No matter what a film’s release date might be, one of the most important things that the festival offers to filmmakers and audiences alike is the chance to see movies on a big screen with other people.

“The energy of the theater, that’s something that exists and is real,” del Bosque Gómez said. “The Guadalupe Theater has its own energy when it’s empty, but when you fill it and project a film or present a performance, it really does come alive.”

“Body” is one of the films premiering at the festival.
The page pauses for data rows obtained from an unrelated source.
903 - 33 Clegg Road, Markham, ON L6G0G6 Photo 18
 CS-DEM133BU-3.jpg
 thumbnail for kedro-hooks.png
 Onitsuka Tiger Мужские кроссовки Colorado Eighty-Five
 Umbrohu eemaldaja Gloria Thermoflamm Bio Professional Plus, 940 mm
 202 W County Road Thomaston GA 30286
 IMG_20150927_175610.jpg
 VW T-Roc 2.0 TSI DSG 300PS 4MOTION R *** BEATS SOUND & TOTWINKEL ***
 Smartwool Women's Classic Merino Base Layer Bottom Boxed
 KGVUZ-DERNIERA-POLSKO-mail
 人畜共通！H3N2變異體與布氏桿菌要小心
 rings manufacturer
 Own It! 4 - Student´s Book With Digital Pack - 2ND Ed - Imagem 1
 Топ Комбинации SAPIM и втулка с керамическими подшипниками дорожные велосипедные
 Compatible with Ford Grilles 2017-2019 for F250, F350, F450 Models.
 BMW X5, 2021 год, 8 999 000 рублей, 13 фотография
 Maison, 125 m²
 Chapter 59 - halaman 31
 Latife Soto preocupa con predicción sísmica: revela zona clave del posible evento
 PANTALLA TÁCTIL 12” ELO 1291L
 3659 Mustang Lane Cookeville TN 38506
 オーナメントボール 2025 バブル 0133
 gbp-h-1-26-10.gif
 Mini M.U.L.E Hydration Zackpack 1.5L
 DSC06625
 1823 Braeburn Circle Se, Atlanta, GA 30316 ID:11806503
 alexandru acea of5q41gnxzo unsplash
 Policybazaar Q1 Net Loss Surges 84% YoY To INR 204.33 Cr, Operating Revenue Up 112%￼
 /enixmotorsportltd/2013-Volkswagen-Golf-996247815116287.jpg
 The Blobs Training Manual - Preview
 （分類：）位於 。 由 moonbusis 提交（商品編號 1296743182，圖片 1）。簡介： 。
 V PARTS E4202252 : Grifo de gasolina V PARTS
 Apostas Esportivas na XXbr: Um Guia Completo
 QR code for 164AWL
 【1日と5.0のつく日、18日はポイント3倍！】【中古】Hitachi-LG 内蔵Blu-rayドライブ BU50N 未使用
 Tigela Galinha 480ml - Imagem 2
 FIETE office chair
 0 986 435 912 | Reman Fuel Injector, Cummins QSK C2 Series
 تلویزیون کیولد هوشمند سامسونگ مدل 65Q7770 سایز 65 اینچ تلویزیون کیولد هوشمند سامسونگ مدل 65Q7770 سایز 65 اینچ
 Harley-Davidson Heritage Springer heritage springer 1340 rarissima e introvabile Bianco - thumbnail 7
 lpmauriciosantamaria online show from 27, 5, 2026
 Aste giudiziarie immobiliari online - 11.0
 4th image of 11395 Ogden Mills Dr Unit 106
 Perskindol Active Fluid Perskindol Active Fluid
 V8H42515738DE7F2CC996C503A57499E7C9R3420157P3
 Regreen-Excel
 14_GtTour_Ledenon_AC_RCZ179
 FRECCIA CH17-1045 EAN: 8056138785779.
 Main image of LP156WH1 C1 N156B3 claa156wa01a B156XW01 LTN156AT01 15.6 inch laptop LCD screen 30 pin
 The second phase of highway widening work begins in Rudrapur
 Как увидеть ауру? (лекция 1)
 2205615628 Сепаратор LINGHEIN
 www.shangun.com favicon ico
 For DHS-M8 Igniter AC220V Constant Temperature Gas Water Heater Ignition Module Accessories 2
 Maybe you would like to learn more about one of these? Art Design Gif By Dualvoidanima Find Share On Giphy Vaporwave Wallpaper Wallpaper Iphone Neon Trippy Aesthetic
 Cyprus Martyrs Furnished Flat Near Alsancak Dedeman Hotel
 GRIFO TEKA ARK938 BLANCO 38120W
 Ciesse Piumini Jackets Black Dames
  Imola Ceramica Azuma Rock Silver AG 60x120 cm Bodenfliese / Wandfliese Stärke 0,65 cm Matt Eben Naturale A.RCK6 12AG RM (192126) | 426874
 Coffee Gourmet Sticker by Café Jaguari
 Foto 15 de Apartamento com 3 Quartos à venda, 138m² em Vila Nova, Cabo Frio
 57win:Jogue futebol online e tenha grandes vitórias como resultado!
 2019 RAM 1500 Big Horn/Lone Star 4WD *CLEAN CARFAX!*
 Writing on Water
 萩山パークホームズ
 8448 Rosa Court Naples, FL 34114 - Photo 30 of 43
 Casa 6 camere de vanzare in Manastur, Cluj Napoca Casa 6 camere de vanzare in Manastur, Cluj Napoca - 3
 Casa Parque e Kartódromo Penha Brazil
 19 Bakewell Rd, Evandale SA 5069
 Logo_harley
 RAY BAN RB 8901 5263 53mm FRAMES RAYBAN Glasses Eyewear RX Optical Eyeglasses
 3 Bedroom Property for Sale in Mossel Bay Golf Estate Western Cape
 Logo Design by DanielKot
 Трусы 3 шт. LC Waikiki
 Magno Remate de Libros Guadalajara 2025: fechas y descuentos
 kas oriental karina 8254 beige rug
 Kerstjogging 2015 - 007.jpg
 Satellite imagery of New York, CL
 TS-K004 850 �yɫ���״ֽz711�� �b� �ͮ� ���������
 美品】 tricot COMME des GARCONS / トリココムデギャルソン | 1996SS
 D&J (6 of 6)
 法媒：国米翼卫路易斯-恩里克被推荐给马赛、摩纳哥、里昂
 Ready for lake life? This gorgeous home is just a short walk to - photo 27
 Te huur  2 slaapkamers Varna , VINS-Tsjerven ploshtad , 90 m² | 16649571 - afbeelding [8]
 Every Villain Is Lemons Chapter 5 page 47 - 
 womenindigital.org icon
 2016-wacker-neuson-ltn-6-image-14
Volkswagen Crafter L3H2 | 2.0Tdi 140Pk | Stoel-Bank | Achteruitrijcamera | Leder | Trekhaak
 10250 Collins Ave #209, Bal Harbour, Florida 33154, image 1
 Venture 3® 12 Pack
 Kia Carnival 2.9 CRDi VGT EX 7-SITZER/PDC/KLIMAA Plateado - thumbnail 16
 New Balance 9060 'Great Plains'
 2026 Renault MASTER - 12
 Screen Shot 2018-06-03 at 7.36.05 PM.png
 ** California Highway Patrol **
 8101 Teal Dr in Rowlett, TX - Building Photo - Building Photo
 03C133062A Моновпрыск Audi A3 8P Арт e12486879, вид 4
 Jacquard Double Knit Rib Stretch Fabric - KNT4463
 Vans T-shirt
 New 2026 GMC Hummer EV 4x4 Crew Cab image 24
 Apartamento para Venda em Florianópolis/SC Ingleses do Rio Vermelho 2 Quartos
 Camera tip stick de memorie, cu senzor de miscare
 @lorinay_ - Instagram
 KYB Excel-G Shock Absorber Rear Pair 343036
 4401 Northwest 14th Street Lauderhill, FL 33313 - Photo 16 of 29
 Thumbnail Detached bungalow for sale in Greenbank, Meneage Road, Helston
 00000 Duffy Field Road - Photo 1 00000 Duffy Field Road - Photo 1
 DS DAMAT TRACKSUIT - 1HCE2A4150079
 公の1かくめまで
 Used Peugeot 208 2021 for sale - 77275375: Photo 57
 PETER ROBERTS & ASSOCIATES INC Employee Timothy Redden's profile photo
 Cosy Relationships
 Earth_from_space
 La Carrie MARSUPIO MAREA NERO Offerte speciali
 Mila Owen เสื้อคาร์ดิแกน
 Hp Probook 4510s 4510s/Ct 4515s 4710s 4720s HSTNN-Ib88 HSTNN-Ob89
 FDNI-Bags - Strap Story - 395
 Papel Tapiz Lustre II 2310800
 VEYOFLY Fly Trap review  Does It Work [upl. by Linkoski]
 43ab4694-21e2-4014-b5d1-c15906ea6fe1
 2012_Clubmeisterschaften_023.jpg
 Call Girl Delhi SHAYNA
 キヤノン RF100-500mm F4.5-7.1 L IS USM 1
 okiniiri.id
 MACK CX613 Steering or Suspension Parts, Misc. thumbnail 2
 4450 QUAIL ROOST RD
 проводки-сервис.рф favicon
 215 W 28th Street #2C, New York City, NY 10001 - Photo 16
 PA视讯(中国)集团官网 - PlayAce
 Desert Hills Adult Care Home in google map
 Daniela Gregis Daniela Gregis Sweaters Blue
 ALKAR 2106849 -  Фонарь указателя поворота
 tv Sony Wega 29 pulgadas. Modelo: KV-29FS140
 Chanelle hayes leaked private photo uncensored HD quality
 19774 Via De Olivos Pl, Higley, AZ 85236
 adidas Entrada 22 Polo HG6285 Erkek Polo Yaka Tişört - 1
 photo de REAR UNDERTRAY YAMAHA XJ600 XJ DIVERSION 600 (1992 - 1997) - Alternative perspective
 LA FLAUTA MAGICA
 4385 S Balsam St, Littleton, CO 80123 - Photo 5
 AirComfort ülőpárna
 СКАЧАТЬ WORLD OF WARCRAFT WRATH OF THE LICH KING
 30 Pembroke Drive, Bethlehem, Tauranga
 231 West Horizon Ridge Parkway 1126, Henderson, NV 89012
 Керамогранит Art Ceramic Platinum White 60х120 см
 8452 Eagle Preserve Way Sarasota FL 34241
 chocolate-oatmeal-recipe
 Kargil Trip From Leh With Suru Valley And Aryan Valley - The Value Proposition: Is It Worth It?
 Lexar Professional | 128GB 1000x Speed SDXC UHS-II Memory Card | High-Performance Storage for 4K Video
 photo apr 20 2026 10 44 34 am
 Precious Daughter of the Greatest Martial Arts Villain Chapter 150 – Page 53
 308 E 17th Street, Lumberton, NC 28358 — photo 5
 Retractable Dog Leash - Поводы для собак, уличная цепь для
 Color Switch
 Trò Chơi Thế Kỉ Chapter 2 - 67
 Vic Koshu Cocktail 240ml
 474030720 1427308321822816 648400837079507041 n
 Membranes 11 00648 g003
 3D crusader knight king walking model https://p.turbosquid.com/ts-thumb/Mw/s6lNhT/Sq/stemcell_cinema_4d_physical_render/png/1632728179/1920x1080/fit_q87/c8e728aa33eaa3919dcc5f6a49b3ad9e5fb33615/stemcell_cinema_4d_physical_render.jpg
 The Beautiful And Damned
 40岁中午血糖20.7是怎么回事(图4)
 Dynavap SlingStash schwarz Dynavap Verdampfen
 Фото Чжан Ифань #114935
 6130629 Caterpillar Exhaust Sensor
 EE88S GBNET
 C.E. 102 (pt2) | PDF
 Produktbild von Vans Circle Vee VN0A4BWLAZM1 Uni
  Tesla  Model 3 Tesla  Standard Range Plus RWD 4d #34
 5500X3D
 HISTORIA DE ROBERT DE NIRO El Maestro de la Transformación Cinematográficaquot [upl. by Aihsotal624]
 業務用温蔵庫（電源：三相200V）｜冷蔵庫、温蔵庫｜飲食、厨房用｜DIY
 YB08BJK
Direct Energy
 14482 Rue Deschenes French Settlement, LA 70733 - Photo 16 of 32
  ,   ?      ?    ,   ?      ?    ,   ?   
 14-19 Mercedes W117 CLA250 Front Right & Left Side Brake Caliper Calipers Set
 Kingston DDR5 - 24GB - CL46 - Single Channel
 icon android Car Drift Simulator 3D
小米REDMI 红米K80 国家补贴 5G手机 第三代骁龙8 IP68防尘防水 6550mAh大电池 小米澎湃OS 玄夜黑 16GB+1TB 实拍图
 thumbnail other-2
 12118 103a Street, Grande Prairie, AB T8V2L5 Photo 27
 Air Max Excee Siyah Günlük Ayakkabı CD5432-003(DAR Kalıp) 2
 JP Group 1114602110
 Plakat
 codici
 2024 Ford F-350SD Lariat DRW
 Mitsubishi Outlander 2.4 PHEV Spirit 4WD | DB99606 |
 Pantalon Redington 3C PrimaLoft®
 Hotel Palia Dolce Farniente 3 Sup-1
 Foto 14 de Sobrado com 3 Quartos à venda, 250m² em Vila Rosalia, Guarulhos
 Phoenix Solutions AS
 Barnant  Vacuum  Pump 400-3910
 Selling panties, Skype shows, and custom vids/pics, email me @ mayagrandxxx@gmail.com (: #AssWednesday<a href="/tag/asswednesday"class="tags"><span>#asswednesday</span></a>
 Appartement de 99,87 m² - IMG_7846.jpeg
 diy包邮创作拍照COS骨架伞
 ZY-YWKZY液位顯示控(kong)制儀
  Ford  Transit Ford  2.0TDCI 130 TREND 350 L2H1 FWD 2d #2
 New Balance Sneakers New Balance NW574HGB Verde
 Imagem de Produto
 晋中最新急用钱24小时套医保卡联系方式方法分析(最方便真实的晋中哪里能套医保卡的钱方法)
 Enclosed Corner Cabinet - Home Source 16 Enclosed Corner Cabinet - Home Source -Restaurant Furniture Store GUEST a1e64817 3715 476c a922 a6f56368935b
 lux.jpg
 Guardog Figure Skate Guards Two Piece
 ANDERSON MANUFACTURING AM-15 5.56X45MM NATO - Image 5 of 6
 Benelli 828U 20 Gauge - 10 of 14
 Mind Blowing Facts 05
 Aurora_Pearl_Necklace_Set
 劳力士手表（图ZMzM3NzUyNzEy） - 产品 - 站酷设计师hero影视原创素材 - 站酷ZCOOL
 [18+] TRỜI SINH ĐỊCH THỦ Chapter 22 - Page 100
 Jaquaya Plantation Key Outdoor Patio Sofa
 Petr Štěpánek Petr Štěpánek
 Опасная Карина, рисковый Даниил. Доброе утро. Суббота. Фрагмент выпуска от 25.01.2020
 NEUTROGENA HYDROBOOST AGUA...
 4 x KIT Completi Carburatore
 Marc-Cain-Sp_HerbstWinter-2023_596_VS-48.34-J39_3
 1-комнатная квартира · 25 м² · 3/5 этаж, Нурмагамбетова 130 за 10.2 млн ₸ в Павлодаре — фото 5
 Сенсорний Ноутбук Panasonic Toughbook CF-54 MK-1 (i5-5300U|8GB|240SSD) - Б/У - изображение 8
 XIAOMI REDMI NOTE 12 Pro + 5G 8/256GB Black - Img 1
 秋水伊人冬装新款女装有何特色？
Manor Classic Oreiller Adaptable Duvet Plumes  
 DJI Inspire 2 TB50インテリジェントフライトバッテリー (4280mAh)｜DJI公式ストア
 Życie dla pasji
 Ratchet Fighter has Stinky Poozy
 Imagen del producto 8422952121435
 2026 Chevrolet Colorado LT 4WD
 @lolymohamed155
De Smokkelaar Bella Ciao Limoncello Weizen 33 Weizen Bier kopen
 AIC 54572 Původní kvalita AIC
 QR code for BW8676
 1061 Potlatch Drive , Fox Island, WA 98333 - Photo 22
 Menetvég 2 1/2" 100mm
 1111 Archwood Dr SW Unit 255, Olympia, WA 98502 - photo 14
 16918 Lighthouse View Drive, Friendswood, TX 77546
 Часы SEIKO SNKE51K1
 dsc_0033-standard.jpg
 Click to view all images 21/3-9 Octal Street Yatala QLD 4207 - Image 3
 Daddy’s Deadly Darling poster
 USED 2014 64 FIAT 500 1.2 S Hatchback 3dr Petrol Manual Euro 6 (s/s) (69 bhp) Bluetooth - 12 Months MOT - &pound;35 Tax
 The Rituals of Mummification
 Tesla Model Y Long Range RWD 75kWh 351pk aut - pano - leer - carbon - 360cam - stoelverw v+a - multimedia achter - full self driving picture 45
Del Bosque Gómez said he was impressed with the ambition of the project as well as the way it showcases the talents of Zuniga and his cast and crew.

“It’s a genre film, it’s a period piece — all of those things are very difficult to pull off,” he said. “We think it deserves a special place in the program.”

Zuniga has made a number of short films and has worked on feature film projects. “Body” is the first full-length feature he’s made on his own. It means a lot to him that it was chosen for the festival and given such a prominent spot in the schedule.

“I cannot think of a better place to have the premiere than in San Antonio and at CineFestival,” said Zuniga, who was born and raised in Mercedes. “I think it’s a perfect fit.”

Sunday’s screening will be the first opportunity that he has had to watch it with an audience.

“It’s exciting and nerve wracking,” he said. “You never know how they’re going to react. Are they going to enjoy it, give you puzzling looks? Is it going to be completely quiet and maybe you get a pity applause? I’m very curious to see.”